Lyuda se había puesto el vestido celeste; que estaba sobre su cama.
Nadya suspiró y sacó la vista de la cama desordenada. Lyuda estaba frente al espejo, retocando el maquillaje de sus cejas y pestañas y pintando cuidadosamente sus labios en forma de pétalos.
Repentinamente habló Muza, como si hubiera estado todo el tiempo en la conversación: —¿Han notado lo que hace a los héroes de la literatura rusa diferentes de los héroes de las novelas occidentales? Los protagonistas de la literatura occidental siempre andan atrás de carrera, dinero, fama. Los rusos pueden arreglárselas sin comida ni bebida
—sólo buscan justicia y bondad. ¿No es cierto?
Y se sumergió otra vez en su libro.
Lyuda se había colocado las botas y estaba tomando su abrigo de piel. Nadya le señaló bruscamente su cama y le dijo con disgusto:
—¿Vas a dejar esa porquería para que tengamos que recogerla otra vez?
—¡No la recojas!—, dijo Lyuda llevada por la ira, con los ojos brillantes. — ¡No te atrevas a tocar mi cama nunca más!— Su voz subió hasta el grito: —¡Y no me sermonees!
—Es hora de que comprendas, — exclamó Nadya, liberando sus sentimientos reprimidos—. Nos estás insultando. ¿Crees que no tenemos otra cosa en la cabeza que tus correrías nocturnas?
—¿Estás celosa? Nadie está enganchado en tu anzuelo.
Sus rostros estaban distorsionados, feos como siempre lo son los de las mujeres encolerizadas.
Olenka abrió la boca para estallar también contra Lyuda, pero no le gustó el tono de la frase "correrías nocturnas".
(No eran tan enteramente placenteras como podían parecer, tales correrías nocturnas).

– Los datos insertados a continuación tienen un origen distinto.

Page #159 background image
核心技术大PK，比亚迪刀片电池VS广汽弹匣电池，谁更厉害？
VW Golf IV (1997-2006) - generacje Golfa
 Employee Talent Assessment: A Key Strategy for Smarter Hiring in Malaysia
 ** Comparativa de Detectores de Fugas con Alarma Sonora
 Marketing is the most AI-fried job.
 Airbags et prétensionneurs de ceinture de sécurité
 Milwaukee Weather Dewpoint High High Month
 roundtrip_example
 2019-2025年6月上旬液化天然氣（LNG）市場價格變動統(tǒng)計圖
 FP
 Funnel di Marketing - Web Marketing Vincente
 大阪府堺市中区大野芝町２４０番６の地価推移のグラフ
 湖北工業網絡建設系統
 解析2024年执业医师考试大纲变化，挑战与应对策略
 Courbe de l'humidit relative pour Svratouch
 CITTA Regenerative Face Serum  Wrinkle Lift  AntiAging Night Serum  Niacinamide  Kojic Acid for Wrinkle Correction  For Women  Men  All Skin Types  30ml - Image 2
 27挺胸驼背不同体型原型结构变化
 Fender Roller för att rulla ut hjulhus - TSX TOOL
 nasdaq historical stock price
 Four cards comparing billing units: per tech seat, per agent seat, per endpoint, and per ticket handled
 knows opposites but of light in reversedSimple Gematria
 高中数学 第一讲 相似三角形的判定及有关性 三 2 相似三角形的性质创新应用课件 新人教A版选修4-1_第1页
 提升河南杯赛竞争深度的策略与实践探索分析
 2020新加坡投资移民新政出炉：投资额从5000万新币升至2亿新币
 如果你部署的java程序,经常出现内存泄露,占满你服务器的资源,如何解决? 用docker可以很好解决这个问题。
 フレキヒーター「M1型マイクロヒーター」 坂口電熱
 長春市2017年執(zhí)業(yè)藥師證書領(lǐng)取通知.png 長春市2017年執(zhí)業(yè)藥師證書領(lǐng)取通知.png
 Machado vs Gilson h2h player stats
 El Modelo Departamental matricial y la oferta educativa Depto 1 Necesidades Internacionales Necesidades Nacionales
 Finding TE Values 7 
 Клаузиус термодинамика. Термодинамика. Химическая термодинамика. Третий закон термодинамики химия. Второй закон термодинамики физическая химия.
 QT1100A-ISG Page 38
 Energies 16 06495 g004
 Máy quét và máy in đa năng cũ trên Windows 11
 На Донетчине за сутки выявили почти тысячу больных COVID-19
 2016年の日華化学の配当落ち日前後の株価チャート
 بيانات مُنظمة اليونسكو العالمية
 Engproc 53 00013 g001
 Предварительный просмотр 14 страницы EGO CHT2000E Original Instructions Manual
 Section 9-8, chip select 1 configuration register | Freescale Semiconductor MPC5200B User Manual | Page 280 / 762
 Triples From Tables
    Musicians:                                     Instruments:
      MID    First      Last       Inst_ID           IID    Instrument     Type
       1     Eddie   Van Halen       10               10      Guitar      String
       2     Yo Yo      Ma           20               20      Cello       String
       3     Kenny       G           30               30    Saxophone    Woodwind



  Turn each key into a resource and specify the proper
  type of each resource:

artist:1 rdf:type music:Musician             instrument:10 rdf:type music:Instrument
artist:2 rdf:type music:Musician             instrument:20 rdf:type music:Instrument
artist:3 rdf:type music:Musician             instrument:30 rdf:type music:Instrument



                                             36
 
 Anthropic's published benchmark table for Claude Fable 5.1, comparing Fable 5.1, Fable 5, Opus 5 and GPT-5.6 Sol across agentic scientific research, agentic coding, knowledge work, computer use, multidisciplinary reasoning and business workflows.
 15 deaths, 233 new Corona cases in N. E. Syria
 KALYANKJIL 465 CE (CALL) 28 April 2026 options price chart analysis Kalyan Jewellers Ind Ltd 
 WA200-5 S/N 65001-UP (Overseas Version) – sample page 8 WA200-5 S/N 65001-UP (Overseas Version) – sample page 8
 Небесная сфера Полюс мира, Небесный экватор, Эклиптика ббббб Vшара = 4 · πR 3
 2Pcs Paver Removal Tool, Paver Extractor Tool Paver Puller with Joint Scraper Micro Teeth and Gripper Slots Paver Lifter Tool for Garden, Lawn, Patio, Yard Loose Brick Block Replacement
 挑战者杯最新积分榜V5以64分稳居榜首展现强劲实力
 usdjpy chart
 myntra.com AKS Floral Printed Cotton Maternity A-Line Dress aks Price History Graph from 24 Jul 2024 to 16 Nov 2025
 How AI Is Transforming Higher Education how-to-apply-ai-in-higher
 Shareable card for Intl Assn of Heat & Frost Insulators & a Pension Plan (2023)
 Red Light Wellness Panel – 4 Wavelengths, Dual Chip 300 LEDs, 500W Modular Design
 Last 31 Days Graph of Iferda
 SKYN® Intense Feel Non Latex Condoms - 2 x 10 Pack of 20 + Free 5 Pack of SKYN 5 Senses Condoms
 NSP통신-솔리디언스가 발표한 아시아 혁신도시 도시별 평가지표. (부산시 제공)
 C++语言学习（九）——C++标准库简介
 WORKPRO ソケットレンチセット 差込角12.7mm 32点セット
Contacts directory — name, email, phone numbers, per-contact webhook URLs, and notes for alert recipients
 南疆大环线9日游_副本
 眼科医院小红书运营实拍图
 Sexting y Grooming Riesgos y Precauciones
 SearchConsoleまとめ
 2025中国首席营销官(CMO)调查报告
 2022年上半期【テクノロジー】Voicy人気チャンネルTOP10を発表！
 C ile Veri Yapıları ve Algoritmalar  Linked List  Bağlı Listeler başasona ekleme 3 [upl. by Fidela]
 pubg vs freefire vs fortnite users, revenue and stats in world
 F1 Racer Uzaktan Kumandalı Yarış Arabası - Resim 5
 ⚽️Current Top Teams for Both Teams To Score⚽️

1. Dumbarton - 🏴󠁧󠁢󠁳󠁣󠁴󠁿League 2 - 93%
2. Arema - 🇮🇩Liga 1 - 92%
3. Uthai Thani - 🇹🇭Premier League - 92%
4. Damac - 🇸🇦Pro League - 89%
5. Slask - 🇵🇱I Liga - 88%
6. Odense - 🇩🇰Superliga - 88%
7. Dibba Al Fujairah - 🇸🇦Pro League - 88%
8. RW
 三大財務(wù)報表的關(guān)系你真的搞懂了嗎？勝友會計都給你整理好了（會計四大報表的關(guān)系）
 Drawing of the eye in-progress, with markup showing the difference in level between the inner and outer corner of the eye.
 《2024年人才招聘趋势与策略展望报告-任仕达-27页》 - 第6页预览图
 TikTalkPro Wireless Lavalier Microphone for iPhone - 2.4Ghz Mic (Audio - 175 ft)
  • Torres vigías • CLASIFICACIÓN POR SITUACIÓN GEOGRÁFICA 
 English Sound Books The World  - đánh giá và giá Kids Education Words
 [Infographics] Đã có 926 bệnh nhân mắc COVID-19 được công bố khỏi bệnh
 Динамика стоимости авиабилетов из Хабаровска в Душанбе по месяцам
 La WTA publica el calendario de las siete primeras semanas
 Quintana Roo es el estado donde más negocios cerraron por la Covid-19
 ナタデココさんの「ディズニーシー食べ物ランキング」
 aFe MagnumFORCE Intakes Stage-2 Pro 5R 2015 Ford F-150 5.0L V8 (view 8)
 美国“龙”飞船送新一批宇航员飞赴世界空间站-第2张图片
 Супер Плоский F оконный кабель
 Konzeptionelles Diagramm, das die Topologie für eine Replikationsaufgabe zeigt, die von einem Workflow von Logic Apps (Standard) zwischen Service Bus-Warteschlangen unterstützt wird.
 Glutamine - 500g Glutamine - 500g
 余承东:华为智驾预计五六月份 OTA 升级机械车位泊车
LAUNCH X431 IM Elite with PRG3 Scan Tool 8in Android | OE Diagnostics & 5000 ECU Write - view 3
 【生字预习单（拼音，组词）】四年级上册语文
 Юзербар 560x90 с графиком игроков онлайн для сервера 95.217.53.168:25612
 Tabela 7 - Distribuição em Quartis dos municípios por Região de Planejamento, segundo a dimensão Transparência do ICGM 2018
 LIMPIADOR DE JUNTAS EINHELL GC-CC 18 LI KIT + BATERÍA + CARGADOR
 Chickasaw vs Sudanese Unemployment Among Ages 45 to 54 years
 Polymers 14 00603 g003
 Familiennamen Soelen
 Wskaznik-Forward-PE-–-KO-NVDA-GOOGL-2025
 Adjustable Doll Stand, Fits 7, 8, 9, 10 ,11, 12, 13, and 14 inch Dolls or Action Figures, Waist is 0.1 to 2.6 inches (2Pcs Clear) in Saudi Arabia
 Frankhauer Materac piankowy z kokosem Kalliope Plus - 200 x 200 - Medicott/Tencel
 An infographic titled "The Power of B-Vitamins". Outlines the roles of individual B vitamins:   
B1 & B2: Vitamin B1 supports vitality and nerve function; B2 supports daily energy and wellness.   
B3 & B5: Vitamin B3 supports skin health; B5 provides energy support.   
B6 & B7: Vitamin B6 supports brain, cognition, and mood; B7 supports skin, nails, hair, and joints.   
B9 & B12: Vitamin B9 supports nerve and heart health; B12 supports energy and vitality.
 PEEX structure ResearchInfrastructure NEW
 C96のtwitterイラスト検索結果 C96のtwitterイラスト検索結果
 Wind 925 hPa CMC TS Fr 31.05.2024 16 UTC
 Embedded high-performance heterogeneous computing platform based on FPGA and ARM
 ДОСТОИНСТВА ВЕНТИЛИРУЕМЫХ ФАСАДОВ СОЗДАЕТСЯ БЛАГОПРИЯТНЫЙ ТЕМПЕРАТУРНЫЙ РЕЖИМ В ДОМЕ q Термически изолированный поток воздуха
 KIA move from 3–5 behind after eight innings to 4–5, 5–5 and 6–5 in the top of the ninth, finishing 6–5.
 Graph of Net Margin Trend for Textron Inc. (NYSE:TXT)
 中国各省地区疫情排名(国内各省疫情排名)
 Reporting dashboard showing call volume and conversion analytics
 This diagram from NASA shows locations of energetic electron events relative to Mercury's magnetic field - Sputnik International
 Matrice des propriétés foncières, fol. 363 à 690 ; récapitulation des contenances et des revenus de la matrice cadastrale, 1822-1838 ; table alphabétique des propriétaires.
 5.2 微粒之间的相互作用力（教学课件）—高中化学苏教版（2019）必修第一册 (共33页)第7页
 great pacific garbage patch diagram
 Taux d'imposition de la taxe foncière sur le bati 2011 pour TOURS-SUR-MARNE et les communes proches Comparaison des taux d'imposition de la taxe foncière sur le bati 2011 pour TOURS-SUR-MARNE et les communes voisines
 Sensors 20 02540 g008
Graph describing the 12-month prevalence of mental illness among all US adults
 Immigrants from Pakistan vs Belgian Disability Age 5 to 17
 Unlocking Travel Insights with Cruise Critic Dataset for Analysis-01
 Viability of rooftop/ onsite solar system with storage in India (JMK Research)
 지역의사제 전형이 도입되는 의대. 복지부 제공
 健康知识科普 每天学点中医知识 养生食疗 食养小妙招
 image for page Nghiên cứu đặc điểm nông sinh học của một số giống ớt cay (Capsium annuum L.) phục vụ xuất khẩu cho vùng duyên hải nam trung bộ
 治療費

—¡No hay motivo para celos!, — dijo sordamente Nadya, con la voz quebrada.
—Si erraste el camino, — gritó aún más fuerte Lyuda, con la sensación de victoria—, y en vez de aterrizar en un convento caíste aquí para trabajar como graduada, muy bien, siéntate en tu rincón, pero no actúes como una madrastra. Me enfermas, ¡solterona!
—¡Lyuda, cómo te atreves! — gritó Olenka.
—¿Entonces, por qué se mete en los asuntos ajenos? ¡Monja! ¡Solterona! ¡Desafortunada!
En este punto intervino Dasha y quiso probar algo muy enérgico. Muza se levantó también y, sacudiendo su libro frente a Lyuda, comenzó a gritar: —¡Mediocridad! ¡Mediocridad triunfante!
Las cinco chillaban a la vez, sin escucharse ni ponerse de acuerdo.
Sin entender nada, avergonzada de su exabrupto y de sus sollozos incontrolables, Nadya, todavía vestida con lo mejor para la visita a la cárcel, se arrojó boca abajo sobre su cama y se tapó la cabeza con la almohada.
Lyuda se empolvó la cara y cepilló una vez más sus rulos rubios. Dejó caer el velo de su sombrero justo hasta sus ojos y, sin arreglar la cama pero tapándole con la manta como una concesión, salió del cuarto.
Las otras quisieron hablarle a Nadya, pero no se movió. Dasha le quitó los zapatos y tapó sus piernas con las esquinas de la manta.